REQUIRED WORK:
Write the records out exactly as they read, but not the pictures.

EXERCISE DATA:

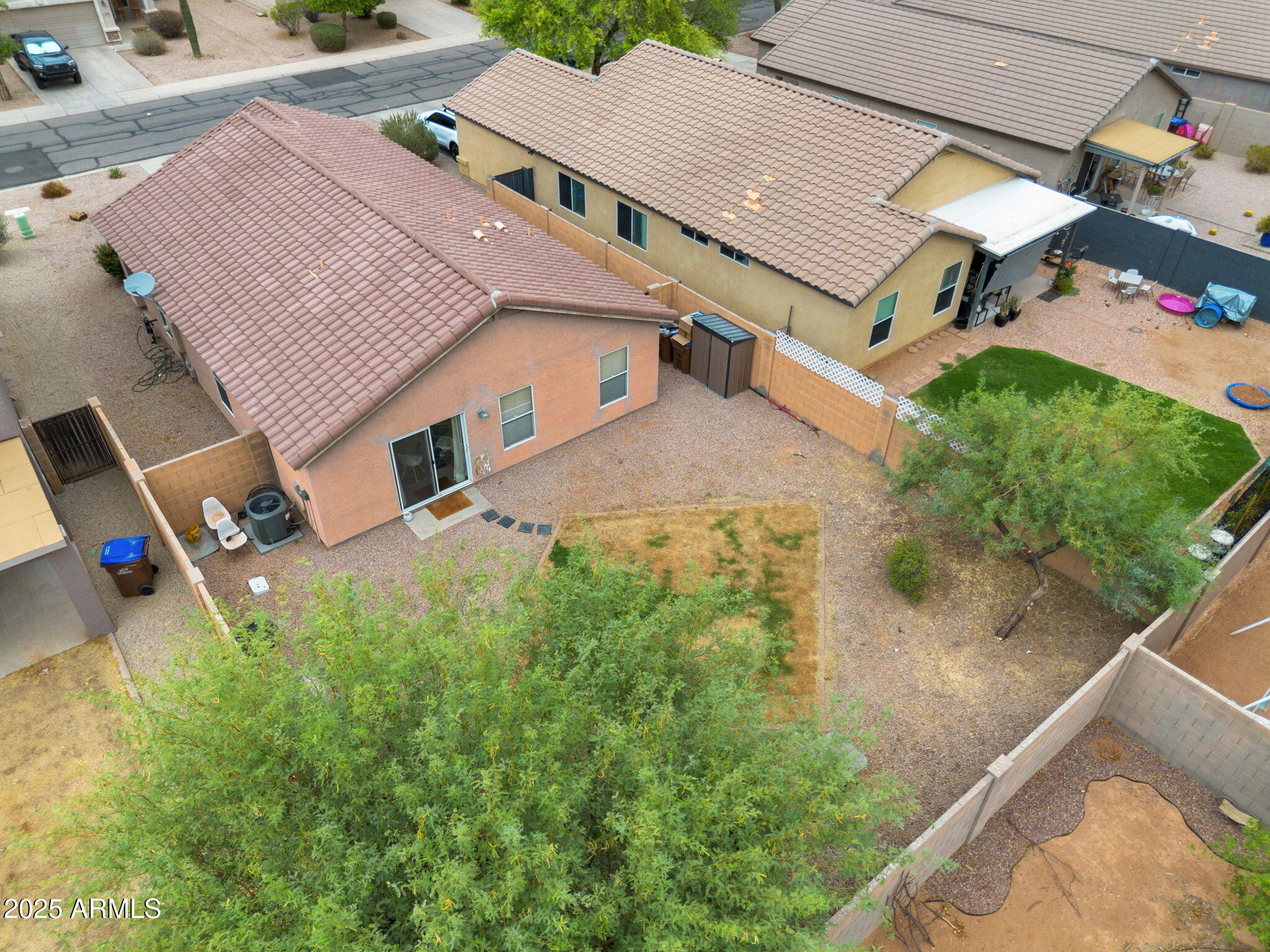 4013 E SUPERIOR Road
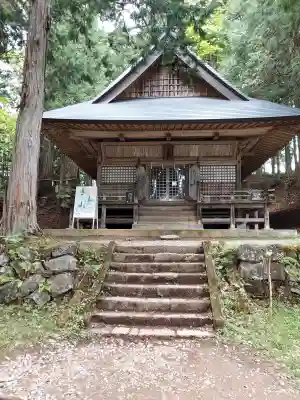 戸隠神社火之御子社の{uncategorized: "未分類", other: "その他", undefined: "問題あり", building: "その他建物", grave: "お墓", sacred_gate: "鳥居", guardian: "狛犬", statue: "像", buddha: "仏像", history: "歴史", nature: "自然", garden: "庭園", animal: "動物", pagoda: "塔", temizu: "手水舎", mountain_gate: "山門・神門", sanctuary: "本殿・本堂", subordinate: "末社・摂社", art: "芸術", scenery: "景色", jizo: "地蔵", ema: "絵馬", goshuin: "御朱印", omikuji: "おみくじ", items: "授与品その他", amulet: "お守り", goshuincho: "御朱印帳", eats: "食事", festival: "お祭り", votive_dance: "神楽", shichigosan: "七五三参", wedding: "結婚式", experience: "体験その他", initially: "初詣", around: "周辺", anti_infection: "感染症対策"}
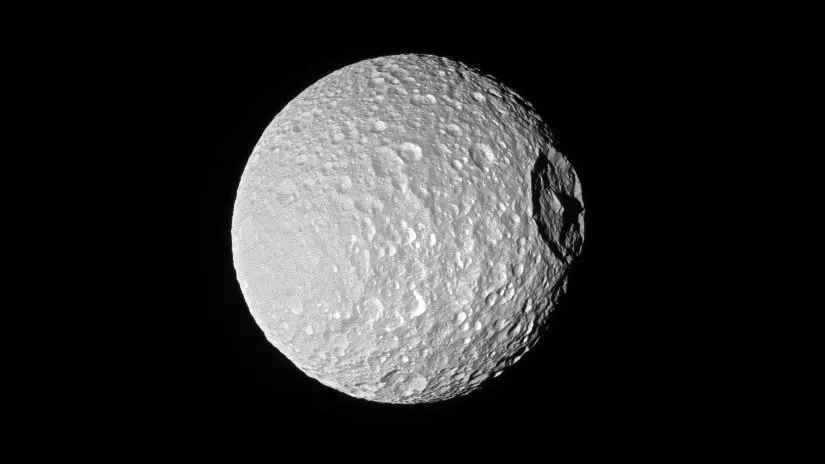Ecco come la luna Mimas ha avuto il proprio oceano sotterraneo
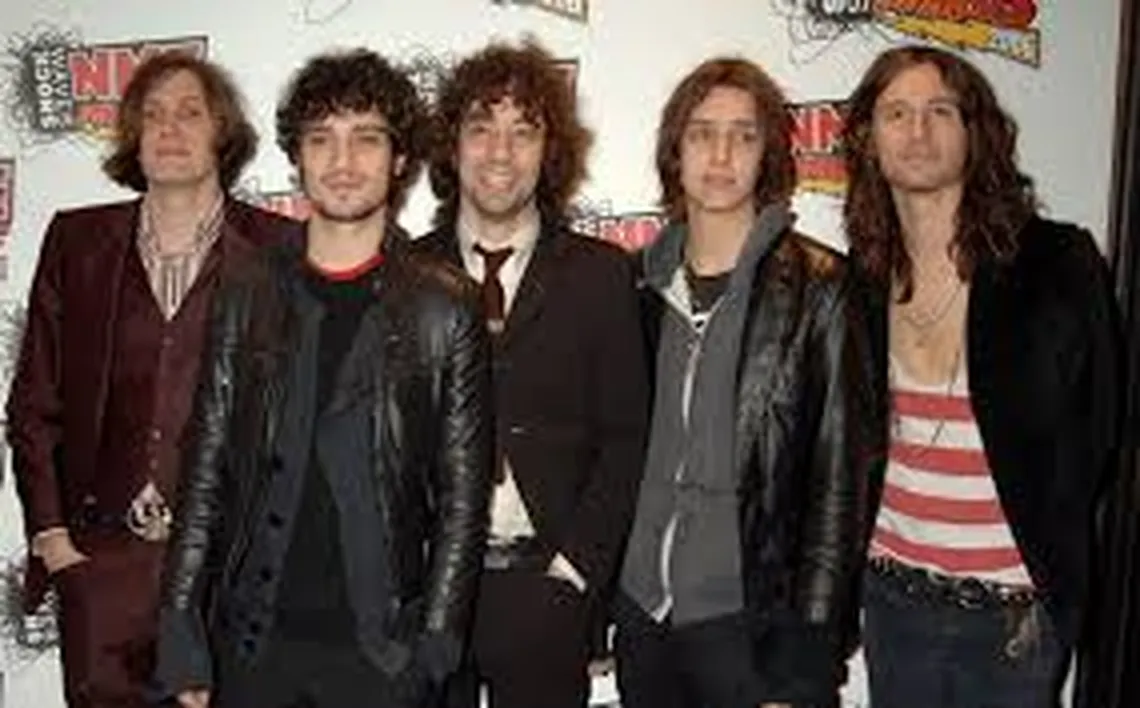 the-strokes-gorillaz-y-lily-allen-lideran-el-line-up-internacional
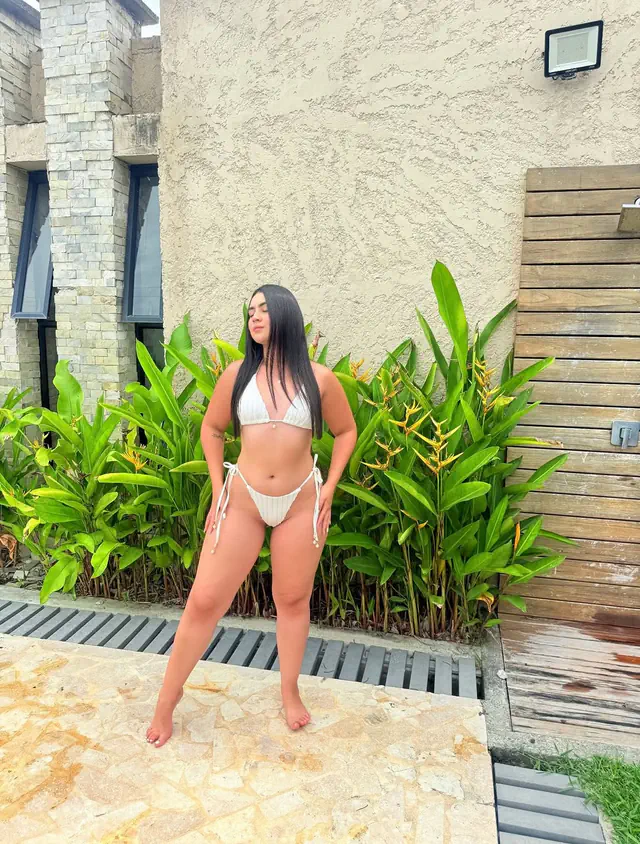 escort-media-c9c3a2a3-f010-46a2-bb29-9b0badf3a659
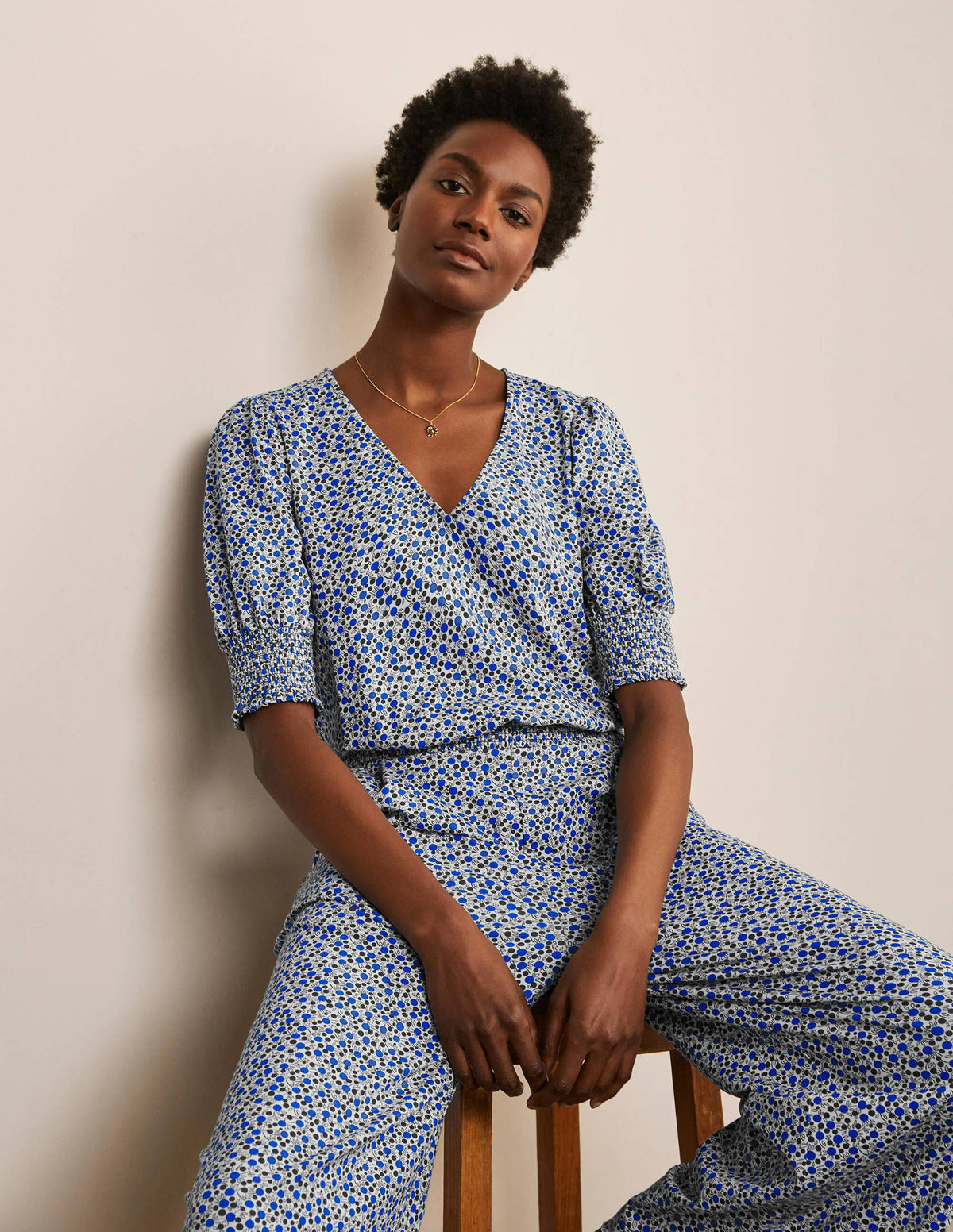 Jumpsuit mit Blousonärmeln-Naturweiß, Getupftes Wiesenmuster-2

SOLUTION FOR THIS PROBLEM:
 4013 E SUPERIOR Road
 戸隠神社火之御子社の{uncategorized: "未分類", other: "その他", undefined: "問題あり", building: "その他建物", grave: "お墓", sacred_gate: "鳥居", guardian: "狛犬", statue: "像", buddha: "仏像", history: "歴史", nature: "自然", garden: "庭園", animal: "動物", pagoda: "塔", temizu: "手水舎", mountain_gate: "山門・神門", sanctuary: "本殿・本堂", subordinate: "末社・摂社", art: "芸術", scenery: "景色", jizo: "地蔵", ema: "絵馬", goshuin: "御朱印", omikuji: "おみくじ", items: "授与品その他", amulet: "お守り", goshuincho: "御朱印帳", eats: "食事", festival: "お祭り", votive_dance: "神楽", shichigosan: "七五三参", wedding: "結婚式", experience: "体験その他", initially: "初詣", around: "周辺", anti_infection: "感染症対策"}
Ecco come la luna Mimas ha avuto il proprio oceano sotterraneo
 the-strokes-gorillaz-y-lily-allen-lideran-el-line-up-internacional
 escort-media-c9c3a2a3-f010-46a2-bb29-9b0badf3a659
 Jumpsuit mit Blousonärmeln-Naturweiß, Getupftes Wiesenmuster-2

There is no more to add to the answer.